__Exercise details__
Below are the entries to work from; restate word for word the portion that opens with the line containing "Gripy na riadidlá" and closes with the line containing "2022 Chevrolet Silverado 1500 LTZ", keeping both.

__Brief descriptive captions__
--- START ---

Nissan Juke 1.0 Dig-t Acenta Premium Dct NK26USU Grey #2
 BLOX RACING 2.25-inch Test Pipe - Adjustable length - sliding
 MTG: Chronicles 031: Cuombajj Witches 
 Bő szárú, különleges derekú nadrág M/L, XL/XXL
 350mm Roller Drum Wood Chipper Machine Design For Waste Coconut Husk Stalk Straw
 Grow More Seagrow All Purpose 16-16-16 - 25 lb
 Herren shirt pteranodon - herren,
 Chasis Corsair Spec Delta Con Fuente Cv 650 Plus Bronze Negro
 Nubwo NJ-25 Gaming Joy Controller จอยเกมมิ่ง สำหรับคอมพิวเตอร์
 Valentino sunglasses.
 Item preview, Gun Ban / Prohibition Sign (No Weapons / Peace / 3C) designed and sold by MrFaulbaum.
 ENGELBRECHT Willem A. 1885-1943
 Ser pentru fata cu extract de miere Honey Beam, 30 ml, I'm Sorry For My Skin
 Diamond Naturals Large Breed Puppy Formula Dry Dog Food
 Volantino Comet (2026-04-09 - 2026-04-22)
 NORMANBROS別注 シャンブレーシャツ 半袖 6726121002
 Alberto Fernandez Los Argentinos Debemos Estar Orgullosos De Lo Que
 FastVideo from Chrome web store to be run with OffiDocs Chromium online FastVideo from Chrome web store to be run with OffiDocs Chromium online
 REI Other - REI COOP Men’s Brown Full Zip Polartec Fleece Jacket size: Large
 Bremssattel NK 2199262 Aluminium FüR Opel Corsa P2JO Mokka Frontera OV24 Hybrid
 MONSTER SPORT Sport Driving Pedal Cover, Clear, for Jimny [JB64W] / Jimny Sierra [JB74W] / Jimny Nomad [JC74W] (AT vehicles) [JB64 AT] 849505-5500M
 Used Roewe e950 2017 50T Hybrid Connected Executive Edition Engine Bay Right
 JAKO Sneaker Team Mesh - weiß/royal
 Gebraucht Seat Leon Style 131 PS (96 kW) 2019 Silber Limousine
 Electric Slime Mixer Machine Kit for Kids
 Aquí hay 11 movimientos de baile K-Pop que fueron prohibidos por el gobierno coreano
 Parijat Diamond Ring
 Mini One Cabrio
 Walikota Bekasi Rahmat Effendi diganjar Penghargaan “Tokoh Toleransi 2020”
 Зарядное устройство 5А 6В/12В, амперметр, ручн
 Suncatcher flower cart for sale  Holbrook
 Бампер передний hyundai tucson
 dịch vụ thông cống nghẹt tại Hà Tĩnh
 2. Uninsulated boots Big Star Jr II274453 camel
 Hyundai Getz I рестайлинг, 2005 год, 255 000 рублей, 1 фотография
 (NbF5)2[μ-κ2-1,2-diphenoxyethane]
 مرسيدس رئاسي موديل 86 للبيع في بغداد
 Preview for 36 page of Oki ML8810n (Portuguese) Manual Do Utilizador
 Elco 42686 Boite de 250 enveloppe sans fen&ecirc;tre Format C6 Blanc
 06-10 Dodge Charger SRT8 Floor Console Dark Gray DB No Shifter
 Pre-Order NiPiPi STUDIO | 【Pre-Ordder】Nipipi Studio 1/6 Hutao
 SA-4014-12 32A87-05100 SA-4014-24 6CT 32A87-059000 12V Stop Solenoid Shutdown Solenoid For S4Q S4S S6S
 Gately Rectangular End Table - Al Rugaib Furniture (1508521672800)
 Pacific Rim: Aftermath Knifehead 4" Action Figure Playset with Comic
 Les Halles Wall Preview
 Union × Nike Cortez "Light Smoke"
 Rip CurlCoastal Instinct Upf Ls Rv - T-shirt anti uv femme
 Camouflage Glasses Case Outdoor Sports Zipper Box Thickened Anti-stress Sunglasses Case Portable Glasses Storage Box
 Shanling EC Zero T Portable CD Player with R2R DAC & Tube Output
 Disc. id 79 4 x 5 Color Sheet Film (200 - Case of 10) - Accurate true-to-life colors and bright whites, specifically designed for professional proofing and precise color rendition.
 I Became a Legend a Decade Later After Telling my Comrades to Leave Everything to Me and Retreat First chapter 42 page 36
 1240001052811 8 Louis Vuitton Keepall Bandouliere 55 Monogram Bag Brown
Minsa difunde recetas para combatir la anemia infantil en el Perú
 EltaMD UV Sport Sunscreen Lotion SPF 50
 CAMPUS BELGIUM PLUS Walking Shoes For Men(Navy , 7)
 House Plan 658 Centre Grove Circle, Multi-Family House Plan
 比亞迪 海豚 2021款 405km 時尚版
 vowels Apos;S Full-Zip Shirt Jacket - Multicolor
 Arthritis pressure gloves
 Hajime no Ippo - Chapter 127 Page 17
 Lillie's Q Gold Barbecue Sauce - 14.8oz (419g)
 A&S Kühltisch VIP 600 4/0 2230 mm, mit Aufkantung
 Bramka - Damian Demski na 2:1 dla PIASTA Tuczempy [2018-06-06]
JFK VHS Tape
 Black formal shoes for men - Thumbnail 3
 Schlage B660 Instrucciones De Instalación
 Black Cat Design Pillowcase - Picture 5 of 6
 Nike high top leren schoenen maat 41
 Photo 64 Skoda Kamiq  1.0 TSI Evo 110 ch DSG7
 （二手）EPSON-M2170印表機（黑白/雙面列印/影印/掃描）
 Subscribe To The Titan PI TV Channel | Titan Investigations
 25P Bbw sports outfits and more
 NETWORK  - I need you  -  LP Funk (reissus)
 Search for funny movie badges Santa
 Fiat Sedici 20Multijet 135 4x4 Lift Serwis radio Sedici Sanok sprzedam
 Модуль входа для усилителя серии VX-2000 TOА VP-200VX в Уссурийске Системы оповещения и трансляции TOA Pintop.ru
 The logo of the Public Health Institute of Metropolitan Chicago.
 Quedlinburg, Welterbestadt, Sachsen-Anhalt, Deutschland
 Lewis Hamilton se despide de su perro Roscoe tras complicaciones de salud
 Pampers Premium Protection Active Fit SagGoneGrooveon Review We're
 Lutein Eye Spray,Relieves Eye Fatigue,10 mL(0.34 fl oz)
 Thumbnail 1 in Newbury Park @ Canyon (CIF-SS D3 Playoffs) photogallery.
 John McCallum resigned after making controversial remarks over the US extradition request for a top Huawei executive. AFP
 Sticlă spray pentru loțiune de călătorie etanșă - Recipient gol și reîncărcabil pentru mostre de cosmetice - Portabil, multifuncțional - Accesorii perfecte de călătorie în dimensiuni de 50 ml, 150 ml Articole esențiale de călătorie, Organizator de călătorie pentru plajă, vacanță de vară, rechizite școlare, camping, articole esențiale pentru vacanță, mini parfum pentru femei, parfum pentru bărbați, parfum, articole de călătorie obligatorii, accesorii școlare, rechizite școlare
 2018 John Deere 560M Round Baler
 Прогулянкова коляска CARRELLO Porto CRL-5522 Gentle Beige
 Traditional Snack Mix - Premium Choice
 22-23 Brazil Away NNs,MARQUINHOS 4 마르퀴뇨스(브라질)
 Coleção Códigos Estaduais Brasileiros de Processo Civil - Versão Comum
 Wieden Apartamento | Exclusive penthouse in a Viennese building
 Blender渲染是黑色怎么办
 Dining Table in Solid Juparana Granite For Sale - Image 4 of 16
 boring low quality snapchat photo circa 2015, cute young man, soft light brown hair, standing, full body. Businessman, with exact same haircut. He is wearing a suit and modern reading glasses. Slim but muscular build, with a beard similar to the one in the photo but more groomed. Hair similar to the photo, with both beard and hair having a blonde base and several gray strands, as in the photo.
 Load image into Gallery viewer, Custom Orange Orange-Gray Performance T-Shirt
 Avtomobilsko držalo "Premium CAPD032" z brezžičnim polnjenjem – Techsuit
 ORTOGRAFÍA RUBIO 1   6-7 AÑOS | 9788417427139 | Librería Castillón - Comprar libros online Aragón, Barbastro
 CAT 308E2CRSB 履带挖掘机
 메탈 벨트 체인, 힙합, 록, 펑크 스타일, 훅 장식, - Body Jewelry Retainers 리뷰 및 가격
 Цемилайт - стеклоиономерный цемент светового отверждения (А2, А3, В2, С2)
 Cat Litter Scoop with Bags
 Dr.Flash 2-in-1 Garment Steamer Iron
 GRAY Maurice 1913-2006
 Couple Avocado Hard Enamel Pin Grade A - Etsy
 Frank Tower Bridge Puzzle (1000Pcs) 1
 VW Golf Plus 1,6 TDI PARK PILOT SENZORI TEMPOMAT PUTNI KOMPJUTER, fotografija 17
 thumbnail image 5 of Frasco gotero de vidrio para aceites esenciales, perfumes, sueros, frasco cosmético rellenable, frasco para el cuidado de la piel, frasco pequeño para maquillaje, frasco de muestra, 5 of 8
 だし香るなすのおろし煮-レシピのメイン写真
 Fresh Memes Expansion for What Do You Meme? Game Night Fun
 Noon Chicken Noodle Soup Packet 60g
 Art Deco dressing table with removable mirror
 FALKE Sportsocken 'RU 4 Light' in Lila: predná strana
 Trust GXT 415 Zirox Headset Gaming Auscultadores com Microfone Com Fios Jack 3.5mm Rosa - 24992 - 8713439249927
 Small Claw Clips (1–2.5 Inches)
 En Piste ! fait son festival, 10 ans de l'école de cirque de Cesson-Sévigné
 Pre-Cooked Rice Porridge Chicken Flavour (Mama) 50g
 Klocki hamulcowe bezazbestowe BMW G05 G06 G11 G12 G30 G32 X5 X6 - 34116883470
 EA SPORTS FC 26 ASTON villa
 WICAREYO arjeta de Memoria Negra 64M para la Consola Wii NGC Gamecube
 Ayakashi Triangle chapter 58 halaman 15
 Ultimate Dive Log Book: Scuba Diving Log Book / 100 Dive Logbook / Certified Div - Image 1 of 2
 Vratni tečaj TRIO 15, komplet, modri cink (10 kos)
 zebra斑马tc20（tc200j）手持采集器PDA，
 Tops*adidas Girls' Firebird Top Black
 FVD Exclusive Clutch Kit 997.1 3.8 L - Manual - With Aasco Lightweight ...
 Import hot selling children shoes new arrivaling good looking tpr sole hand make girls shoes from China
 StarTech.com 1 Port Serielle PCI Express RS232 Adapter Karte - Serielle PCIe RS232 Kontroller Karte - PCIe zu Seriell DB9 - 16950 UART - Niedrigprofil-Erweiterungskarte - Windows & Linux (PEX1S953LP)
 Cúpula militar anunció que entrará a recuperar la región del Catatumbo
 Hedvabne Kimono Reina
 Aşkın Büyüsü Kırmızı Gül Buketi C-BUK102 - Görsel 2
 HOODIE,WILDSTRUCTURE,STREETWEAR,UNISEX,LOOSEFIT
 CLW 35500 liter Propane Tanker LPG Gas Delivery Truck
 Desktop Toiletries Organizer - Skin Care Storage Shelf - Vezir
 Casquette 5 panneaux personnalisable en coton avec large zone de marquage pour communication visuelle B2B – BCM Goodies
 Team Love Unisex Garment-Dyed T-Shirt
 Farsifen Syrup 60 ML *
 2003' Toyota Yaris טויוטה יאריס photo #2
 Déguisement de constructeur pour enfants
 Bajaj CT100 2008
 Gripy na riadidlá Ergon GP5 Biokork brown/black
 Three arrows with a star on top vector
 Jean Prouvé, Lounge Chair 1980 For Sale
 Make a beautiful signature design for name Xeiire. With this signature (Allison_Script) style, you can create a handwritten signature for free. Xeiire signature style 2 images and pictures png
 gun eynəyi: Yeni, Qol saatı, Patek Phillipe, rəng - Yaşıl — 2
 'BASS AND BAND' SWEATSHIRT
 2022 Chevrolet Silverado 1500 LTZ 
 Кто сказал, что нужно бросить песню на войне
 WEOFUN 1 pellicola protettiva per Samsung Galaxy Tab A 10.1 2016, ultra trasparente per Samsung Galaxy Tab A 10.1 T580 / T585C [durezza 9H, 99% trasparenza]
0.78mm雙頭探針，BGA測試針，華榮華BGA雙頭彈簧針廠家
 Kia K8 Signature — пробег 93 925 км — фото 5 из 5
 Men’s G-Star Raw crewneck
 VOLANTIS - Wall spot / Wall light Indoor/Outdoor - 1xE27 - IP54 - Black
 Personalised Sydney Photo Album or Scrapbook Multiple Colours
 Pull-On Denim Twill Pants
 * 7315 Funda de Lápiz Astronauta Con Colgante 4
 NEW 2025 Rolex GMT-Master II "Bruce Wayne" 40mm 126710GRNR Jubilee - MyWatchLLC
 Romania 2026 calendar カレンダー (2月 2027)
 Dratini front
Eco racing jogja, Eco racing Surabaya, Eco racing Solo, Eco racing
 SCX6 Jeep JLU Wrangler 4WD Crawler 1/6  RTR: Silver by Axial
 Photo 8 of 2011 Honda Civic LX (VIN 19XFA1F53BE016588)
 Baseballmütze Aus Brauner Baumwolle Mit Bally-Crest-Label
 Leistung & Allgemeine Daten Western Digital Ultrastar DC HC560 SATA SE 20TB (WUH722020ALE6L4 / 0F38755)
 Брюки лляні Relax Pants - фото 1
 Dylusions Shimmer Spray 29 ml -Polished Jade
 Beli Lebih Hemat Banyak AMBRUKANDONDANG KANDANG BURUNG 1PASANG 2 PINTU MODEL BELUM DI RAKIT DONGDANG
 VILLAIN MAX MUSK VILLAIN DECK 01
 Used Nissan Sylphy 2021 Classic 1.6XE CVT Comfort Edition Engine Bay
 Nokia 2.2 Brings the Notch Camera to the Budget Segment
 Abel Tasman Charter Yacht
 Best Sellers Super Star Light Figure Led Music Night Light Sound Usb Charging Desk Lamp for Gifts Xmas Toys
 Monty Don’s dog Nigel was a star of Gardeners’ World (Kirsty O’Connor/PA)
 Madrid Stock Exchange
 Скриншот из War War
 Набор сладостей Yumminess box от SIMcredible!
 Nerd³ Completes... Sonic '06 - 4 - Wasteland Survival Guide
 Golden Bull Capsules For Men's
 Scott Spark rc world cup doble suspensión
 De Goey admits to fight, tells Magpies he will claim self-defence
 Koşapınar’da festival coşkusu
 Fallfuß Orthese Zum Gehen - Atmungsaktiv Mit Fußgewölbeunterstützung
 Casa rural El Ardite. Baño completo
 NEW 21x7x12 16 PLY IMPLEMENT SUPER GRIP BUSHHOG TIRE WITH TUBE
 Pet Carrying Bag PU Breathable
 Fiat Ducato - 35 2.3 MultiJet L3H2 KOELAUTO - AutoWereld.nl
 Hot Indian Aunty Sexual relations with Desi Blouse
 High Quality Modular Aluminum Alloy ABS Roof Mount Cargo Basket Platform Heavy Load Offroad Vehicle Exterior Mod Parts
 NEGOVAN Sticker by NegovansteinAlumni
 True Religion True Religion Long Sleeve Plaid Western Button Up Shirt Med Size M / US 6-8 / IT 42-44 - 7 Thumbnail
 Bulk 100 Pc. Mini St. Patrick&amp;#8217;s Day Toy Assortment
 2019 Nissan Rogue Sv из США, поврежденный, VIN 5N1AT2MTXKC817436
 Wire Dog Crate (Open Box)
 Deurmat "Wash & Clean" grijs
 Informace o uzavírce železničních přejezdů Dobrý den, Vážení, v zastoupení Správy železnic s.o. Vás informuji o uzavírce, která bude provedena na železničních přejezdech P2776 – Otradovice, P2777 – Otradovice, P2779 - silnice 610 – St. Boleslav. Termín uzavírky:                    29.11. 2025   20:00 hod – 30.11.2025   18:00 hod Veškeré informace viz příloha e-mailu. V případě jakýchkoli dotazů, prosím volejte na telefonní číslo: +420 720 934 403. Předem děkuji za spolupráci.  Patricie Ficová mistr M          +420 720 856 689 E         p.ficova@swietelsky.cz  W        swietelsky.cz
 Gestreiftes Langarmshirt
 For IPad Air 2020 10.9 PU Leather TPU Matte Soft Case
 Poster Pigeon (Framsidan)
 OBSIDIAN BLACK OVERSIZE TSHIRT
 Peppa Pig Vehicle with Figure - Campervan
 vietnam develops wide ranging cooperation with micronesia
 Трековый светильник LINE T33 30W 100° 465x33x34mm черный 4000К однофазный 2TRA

--- END ---

__Final answer__
 Gripy na riadidlá Ergon GP5 Biokork brown/black
 Three arrows with a star on top vector
 Jean Prouvé, Lounge Chair 1980 For Sale
 Make a beautiful signature design for name Xeiire. With this signature (Allison_Script) style, you can create a handwritten signature for free. Xeiire signature style 2 images and pictures png
 gun eynəyi: Yeni, Qol saatı, Patek Phillipe, rəng - Yaşıl — 2
 'BASS AND BAND' SWEATSHIRT
 2022 Chevrolet Silverado 1500 LTZ 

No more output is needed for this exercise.